Out of all your tracks so far, which was the most musically and lyrically challenging to create and how did you overcome that?

That would probably be the first single we put out this year, ‘Lemon Ice.’ We originally started putting it together based around that big riff from the chorus, which is still one of our favorite things to play live. It did take us some time to really hone in on the structure though, and to give the song an opportunity to breathe dynamically in the verse and bridge. We played around with different intros during the demo process and are really happy with how the song builds from start to finish, but it was definitely the trickiest one to piece together. Lyrically, the track discusses the ‘grass is always greener’ mentality of having to escape where you live every weekend for a getaway. It certainly is much more of social commentary as opposed to any direct criticism of anyone or anything, in particular, so navigating those waters while also telling a cohesive story was a challenge that forced us to flex our songwriting muscles a bit as well. 

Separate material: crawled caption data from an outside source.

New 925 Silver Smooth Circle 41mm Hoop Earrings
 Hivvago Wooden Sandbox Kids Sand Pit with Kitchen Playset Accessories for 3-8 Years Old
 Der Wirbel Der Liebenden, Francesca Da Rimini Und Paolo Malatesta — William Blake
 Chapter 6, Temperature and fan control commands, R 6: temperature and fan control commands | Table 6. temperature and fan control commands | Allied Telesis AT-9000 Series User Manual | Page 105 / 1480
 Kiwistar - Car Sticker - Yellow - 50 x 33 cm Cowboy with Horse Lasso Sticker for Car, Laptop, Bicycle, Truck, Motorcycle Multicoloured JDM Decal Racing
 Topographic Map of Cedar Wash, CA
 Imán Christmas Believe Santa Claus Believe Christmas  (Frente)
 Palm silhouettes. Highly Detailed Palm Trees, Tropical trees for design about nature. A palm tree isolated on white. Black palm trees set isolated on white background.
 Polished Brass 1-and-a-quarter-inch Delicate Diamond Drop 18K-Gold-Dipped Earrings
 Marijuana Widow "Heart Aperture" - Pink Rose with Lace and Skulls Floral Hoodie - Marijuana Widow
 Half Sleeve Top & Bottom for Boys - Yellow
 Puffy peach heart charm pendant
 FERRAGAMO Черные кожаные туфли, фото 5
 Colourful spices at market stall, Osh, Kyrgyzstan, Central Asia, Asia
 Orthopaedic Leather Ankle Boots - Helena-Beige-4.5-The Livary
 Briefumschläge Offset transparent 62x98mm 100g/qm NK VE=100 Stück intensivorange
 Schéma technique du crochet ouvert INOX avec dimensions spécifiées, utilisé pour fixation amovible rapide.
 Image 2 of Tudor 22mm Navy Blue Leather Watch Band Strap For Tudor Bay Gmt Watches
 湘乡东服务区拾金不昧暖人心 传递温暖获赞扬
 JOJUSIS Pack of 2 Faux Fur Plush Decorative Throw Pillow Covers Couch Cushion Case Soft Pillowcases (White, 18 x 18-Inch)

Primarily influenced by indie rock, do you see other genres influencing your work in the future?

Absolutely, we’ve been loving what a lot of ‘bedroom producer’ artists such as Clairo and Dominic Fike have been doing. We admire how impactful their relatively simple arrangements can be, and the freshness of their vocal melodies and harmonies is something we’ve been steadily incorporating into our sound as well. The Fullams also love listening to laid-back classic stuff like Neil Young’s ‘On the Beach’ or Black Sabbath’s ‘Planet Caravan.’ Thinking back on it now, the very end of ‘Lima’ definitely took some influence from the eerie calmness of Elvis’s ‘Harbor Lights’ as well. We would love to record some tunes we have that show the subtler, nuanced side of our sound as well. 

Some of your previous work has been influenced not only by artists like Arctic Monkeys but also famous writing like F. Scott Fitzgerald and Hunter S. Thompson. Can you explain how these two different muses work together to create your sound?

Yeah absolutely. The literary side of things definitely helps to influence some of the general themes of our songs, one example being the influence that Hunter S. Thompson’s “The Kentucky Derby is Decadent and Depraved” had on ‘Lemon Ice.’ Reading fiction also helps to flip on that songwriting switch in your brain, which is probably why those themes and sometimes even the vocabulary in those works finds its way into our tunes. ‘AM’ by Arctic Monkeys is a record that really made us want to become a proper band. The production on that album felt so fresh and peerless when it came out. There’s probably a thousand bands that can say they were influenced by the Monkeys, but what we really love about that group is how effectively they have been able to evolve their sound. Their chameleon-like nature is something we really admire, as they continue to push the bar higher for themselves with each record. 

What is your favorite thing about how "Lima" came about?

Overall we were really happy with how quickly the song came together. We wrote and recorded the song with urgency, simply because we were excited to finish it and get it out into the world. With that said, nothing felt rushed. The pace encouraged us to be agile songwriters, trusting our guts and our ears while adding or improving parts on the fly. We feel like the energy of the song reflects that process. 

Thank you for chatting with us. We are excited to see the success and growth of Parlors. Do you have any planned tours outside of New York City?

Right now we are planning on heading back into the studio early next year, and are working on lining up some shows both in and outside of NYC for 2020!